Nothing To Lose
- 2008 Hardcover edition
- Author: Lee Child
- Language: English
- Series: Jack Reacher
- Release number: 12
- Genre: Thriller novel
- Publisher: Bantam Press (United Kingdom); Delacorte Press (United States);
- Publication date: March 24, 2008
- Publication place: United Kingdom
- Media type: Print (hardcover)
- Pages: 426
- ISBN: 0-593-05702-3
- OCLC: 176649008
- Preceded by: Bad Luck and Trouble
- Followed by: Gone Tomorrow

= Nothing to Lose (novel) =

2008 novel by Lee Child

Nothing to Lose is the twelfth book in the Jack Reacher series written by Lee Child. It was published in the UK by Bantam Press on 24 March 2008 and in the US by Delacorte on 3 June 2008. It is written in the third person.

==Similarities to First Blood==
Nothing to Lose features several similarities to David Morrell's 1972 novel, First Blood, including the fact that the lead character (a former soldier) is mistaken for a loiterer and harassed by local law enforcement. The name of the town in both novels is "Hope" and the theme of corrupt and bullying authority is also shared.
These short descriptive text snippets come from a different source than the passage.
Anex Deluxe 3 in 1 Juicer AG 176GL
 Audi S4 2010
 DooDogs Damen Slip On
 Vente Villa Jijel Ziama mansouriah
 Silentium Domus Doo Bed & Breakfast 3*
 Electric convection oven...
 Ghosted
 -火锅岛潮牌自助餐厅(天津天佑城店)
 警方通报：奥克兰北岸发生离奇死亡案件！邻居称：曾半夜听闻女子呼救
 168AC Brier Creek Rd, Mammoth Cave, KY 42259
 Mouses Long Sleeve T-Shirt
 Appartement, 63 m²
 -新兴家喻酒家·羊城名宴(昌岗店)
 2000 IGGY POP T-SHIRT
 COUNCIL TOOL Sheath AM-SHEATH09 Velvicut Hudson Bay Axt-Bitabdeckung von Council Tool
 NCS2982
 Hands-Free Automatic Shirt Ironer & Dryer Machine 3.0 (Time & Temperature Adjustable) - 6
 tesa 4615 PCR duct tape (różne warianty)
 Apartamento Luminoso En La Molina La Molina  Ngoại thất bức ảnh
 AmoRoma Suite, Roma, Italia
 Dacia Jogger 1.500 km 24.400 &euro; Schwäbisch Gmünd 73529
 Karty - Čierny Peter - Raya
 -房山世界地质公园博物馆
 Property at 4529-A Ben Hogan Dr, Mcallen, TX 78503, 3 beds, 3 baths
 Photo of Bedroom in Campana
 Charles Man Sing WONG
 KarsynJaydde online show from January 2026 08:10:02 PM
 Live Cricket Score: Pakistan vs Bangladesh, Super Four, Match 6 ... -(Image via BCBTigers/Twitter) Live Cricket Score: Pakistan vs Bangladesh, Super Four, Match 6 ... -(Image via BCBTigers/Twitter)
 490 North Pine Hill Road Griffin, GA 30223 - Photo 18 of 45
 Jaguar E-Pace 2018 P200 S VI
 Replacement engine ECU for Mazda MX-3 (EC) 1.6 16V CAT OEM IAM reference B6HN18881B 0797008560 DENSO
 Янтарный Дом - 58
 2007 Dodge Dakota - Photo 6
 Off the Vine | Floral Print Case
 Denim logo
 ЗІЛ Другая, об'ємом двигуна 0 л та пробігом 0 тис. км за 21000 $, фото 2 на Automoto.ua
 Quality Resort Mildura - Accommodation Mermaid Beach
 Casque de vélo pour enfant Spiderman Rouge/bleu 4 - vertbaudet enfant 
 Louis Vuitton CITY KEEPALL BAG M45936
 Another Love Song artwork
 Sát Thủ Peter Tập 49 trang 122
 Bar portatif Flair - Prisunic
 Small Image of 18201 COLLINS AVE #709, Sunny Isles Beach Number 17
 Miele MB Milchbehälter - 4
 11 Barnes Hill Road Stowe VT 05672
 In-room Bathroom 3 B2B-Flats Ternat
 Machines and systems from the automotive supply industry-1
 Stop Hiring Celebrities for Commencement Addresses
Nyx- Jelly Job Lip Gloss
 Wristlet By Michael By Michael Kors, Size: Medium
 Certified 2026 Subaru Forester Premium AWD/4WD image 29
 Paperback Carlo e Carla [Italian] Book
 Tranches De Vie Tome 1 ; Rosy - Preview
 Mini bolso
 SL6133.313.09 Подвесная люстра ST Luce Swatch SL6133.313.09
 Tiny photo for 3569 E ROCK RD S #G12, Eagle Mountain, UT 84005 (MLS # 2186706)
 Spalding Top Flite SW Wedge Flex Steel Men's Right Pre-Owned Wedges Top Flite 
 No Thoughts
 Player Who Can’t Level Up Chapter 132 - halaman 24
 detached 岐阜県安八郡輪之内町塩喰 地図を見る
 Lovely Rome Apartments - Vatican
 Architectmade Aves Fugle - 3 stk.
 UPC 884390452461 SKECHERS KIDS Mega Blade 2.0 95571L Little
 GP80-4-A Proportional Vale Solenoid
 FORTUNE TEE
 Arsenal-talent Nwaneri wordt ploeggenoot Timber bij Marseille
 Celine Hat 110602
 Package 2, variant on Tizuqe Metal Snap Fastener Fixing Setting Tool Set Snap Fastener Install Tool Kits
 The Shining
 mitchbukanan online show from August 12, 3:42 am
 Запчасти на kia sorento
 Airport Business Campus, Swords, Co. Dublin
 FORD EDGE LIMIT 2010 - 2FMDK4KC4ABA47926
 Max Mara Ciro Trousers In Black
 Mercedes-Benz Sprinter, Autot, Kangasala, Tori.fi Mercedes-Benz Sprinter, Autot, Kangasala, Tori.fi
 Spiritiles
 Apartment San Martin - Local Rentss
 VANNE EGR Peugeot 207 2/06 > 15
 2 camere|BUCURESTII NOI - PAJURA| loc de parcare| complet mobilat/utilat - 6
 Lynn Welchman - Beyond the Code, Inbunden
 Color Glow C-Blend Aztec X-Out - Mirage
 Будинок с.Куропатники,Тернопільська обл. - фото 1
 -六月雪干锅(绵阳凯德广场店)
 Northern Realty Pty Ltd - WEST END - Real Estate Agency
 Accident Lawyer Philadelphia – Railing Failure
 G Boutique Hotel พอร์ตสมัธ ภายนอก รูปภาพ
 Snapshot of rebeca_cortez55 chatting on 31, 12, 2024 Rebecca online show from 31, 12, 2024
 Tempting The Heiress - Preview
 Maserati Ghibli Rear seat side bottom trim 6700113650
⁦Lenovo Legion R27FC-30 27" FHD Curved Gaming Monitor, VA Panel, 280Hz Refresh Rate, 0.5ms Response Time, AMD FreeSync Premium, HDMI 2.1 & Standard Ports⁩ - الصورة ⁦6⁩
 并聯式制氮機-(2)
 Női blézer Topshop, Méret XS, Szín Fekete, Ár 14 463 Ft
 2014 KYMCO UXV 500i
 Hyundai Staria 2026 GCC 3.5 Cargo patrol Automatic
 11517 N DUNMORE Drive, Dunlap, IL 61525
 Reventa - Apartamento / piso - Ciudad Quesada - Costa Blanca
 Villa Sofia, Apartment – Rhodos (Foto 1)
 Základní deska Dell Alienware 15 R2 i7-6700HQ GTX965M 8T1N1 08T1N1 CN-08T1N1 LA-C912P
Morrell's novel was popular in its time and was the inspiration for the hugely successful 1982 film First Blood starring Sylvester Stallone, released to international acclaim.

==Style==
Andy Martin of The Independent described the writing of the main character to be like "the great Philip Marlowe pulp tradition, nuanced with a dash of Rambo and Bruce Willis."

==Critical reception==
Peter Millar of The Sunday Times found the novel to be "as gripping and readable as any in the Reacher series", though he considered the main character to be a "socially dysfunctional, second-rate Superman". Henry Sutton in The Daily Mirror wrote that the novel is another example of Child's "brilliantly paced plots".